Directions for this task:
Return the whole listing exactly, omitting the pictures.
---- Dataset extract
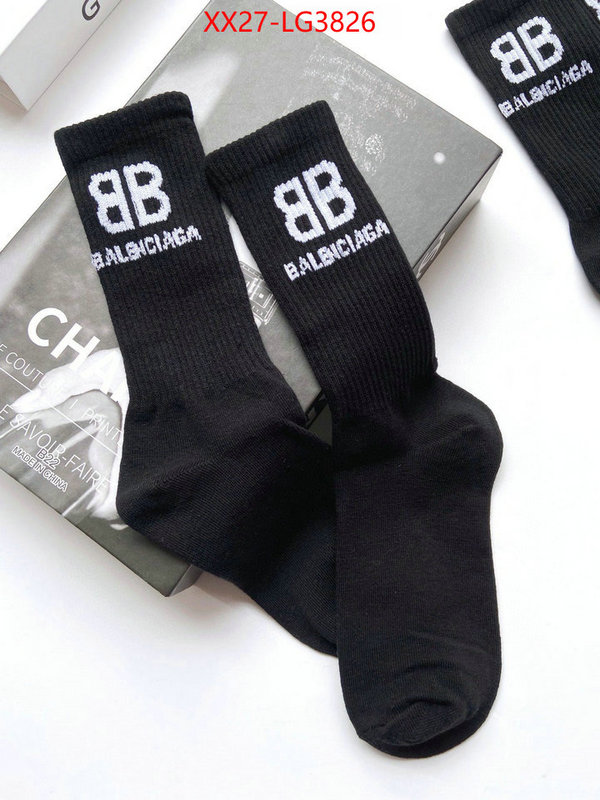 Sock-Balenciaga aaaaa ID: LG3826 $: 27USD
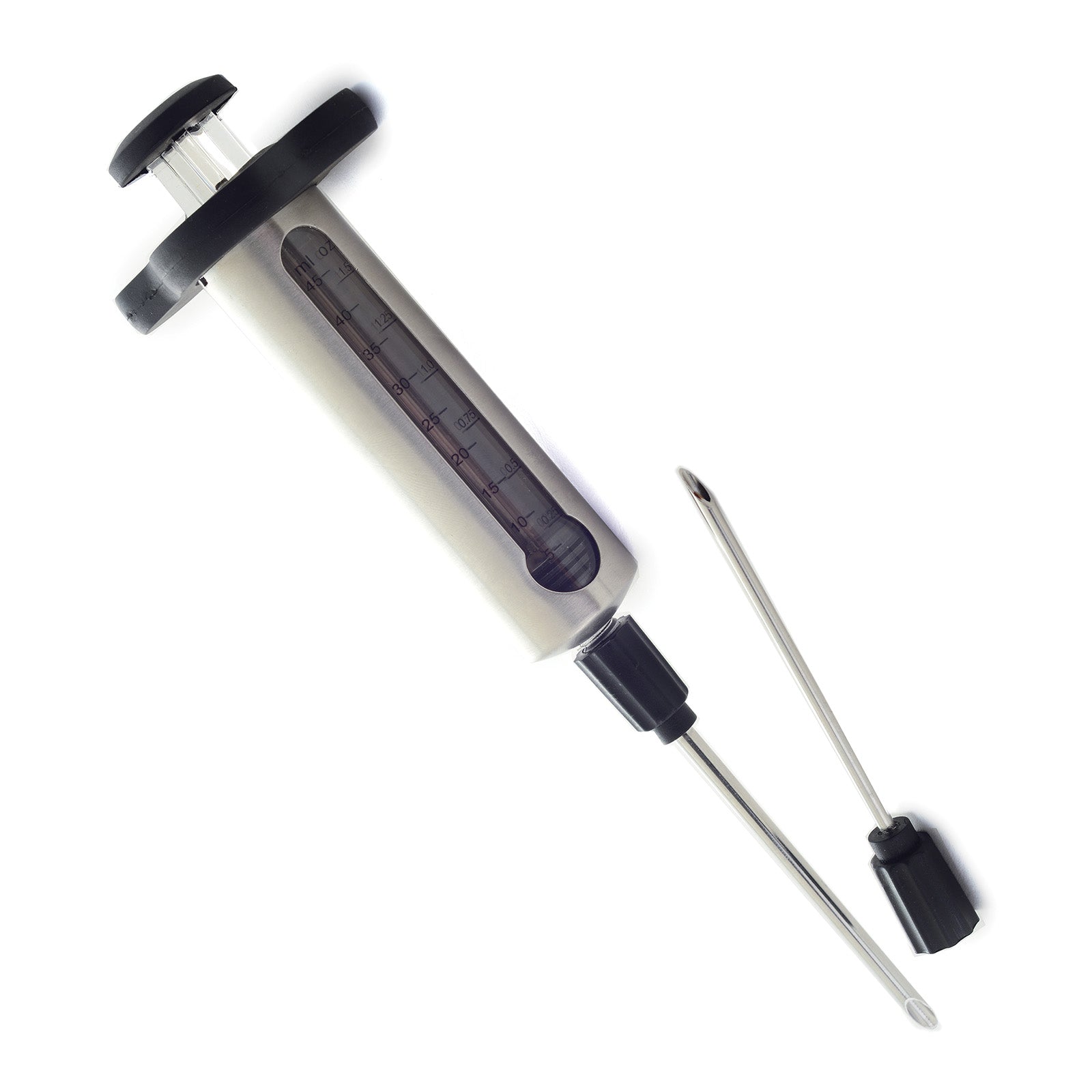Norpro Stainless Steel Flavor Injector, 1.5 oz Capacity with 2 Needles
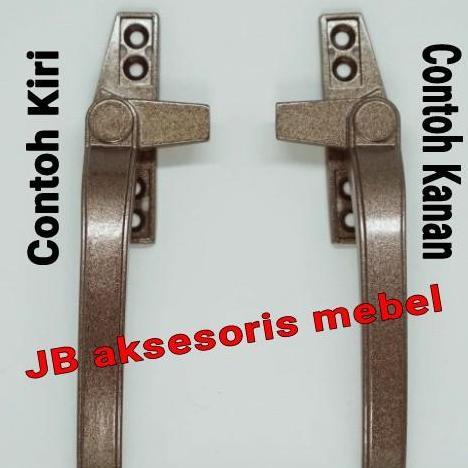 RAMBUNCIS JENDELA DEKSON / HANDLE TARIKAN KUNCI JENDELA KAYU ALUMINIUM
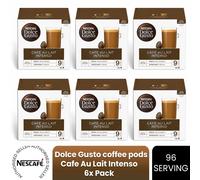 Nescafe Dolce Gusto Cafe Au Lait Intenso Coffee Pods - 96 Servings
--------
Written response:
 Sock-Balenciaga aaaaa ID: LG3826 $: 27USD
Norpro Stainless Steel Flavor Injector, 1.5 oz Capacity with 2 Needles
 RAMBUNCIS JENDELA DEKSON / HANDLE TARIKAN KUNCI JENDELA KAYU ALUMINIUM
 Nescafe Dolce Gusto Cafe Au Lait Intenso Coffee Pods - 96 Servings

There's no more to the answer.